I can really relate to how triggering this surly can be. So I applaud you for taking the time and effort to write here.

If your "friend" isn't covering up her cuts then as the others have said it could be a cry for help, maybe she wants someone to go up to her and ask her what happened and to sit and talk with her. I know that I've done that before just so someone would talk with me.

I know you're not keen with talking with her, but something as serious as this....selfharming...it may be the time to talk. But it's up to you whether or not you feel comfortable about talking to her about this. Maybe you could just tell her that you find it triggering, and maybe she'll make more of an effort to cover her cuts.

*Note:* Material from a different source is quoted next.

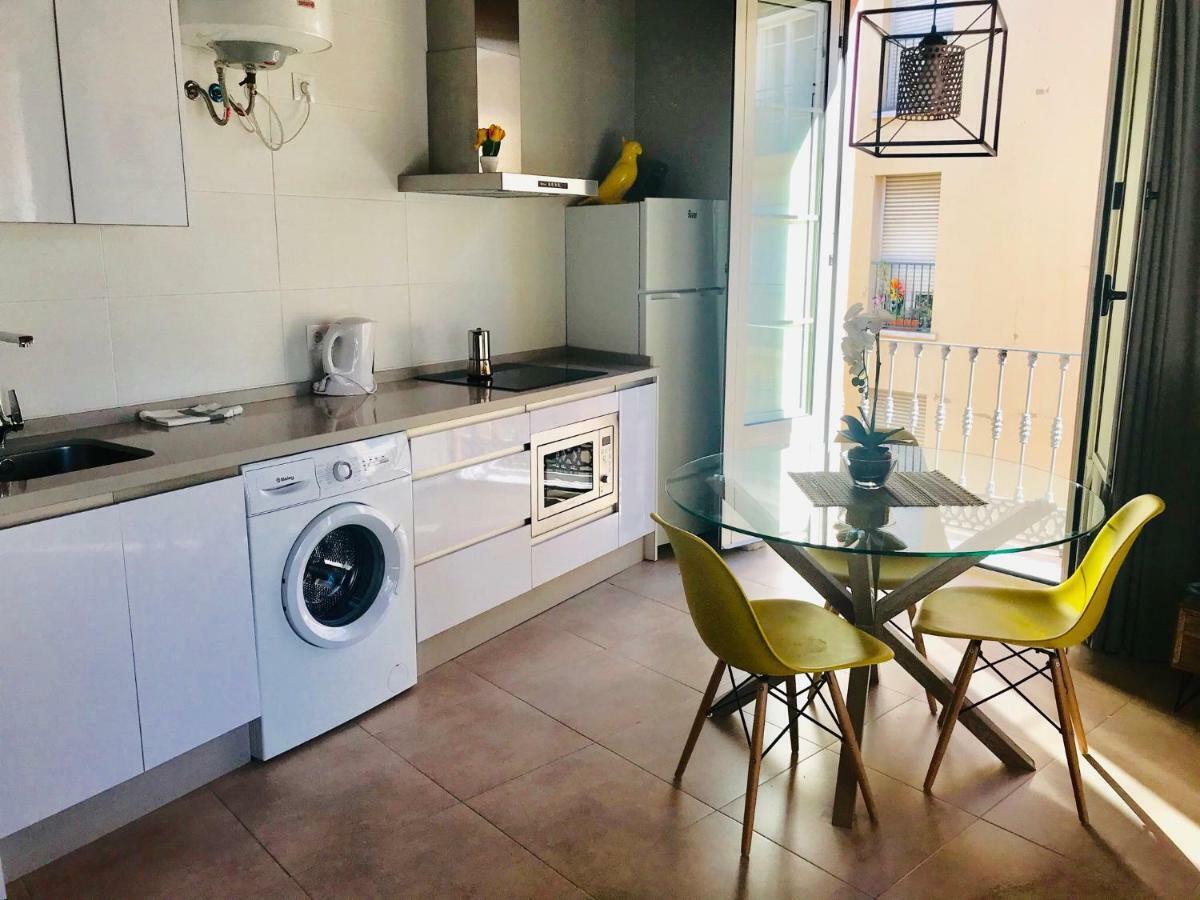Homely Malaga Loft Gaona Centro Luaran gambar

If you really can't talk to her, I suggest that you try your best to stay away from her, and as tempting as it is to try to see, don't go looking for her cuts, ignore them alltogether. I know it's difficult though, so if you can't do this I understand.

If worse comes to worse then maybe you'll need to refer her to a school counsellor or someone who will be able to help. Maybe you could talk to her teacher about it and have the teacher talk to your "friend".

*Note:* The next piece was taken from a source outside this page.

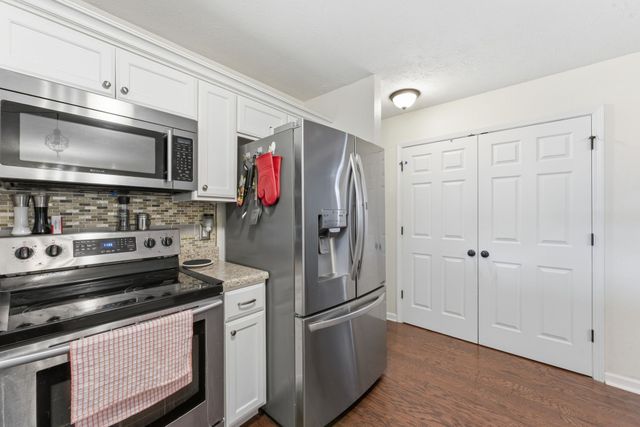 942 Lavergne Ln, La Vergne, TN 37086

The way to fix this depends on your level of comfortness to approach her or someone else that could help her.

Remember though, as much as this may be triggering to you, try some of the alternatives if you feel the urge. They are listed in a stick at the top of this forum. There are many things in there, and maybe you could print out the list and stick it in her locker, as sort of a indirect way to help her....that may be a good idea.

Anyways love, I really hope that this helped a bit, and please take care of yourself. PM me anytime you want to talk.